The Marshmallow Experiment is an upcoming coming-of-age sex comedy film directed by Richard Goldgewicht. Matt Hamilton and Abe Frank co-wrote as well. It stars Sam McCarthy, Dafne Keen, Steve Buscemi, Johnny Knoxville, Josh Lucas, and Sarah Chalke.

==Premise==
For Alex, making it through high school as a socially awkward teen is hard enough.

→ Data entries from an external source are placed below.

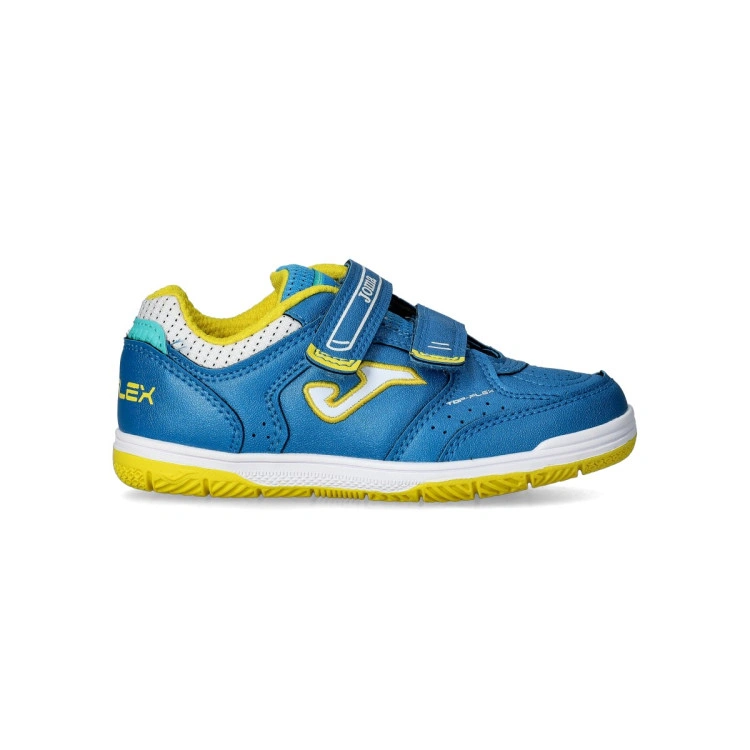 zapatilla-joma-top-flex-nino-azul-1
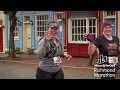 Discover Richmond s Beautiful Marathon Course this November
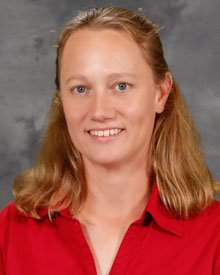 Anne Cummings, RN-BSN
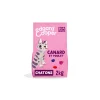 Edgard & Cooper Croquettes Pour Chat|Nourriture^Croquettes Canard & Poulet Chat Junior 2 kg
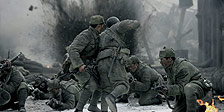 Heroes Of War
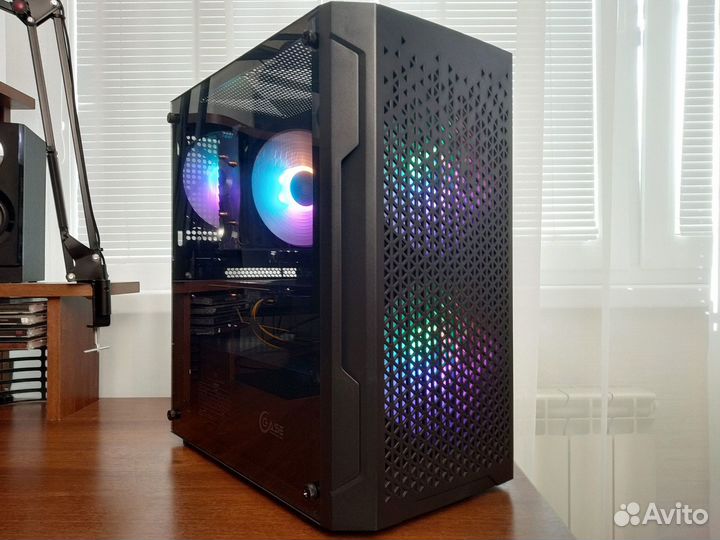 Игровой PC
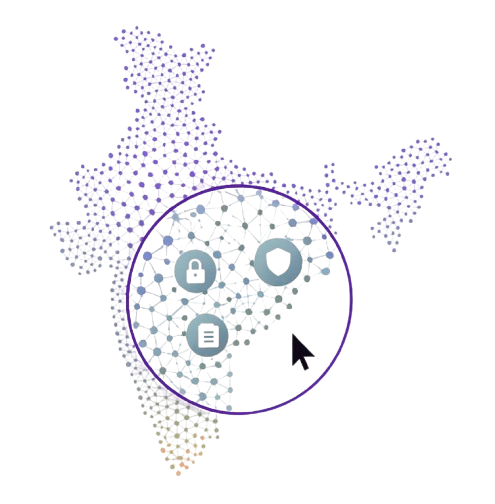 India data privacy network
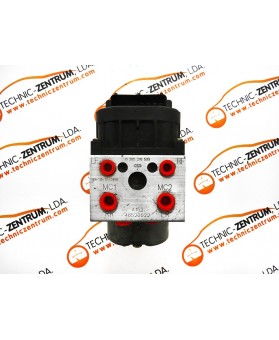 ABS Module Lancia Lybra-...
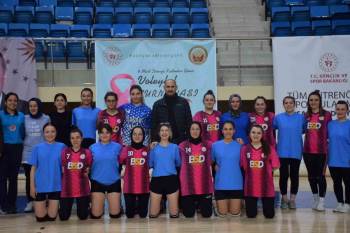 O Kurum Birinci Oldu
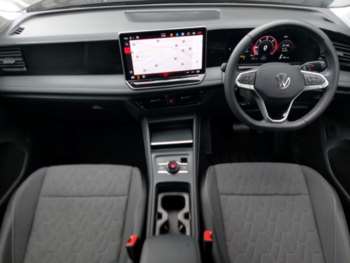 Used Volkswagen Tiguan 2024 for sale - 74983770: Photo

Trying to survive while having an insatiable online porn addiction makes it even harder.

==Cast==
- Sam McCarthy as Alex, a sexually frustrated teenager who unplugs from the internet after a disastrous sexual encounter
- Dafne Keen as Kat Garcia
- Steve Buscemi as King Dong
- Johnny Knoxville as Will
- Josh Lucas as Dr. Newman
- Sarah Chalke as Colleen

==Production==
In April 2025, it was announced that a coming-of-age sex comedy film written and directed by Richard Goldgewicht, Matt Hamilton, and Abe Frank was in development, with Sam McCarthy, Dafne Keen, Steve Buscemi, Johnny Knoxville, Josh Lucas, and Sarah Chalke joining the cast. Principal photography began on April 28, 2025, in Vancouver, and wrapped on May 22.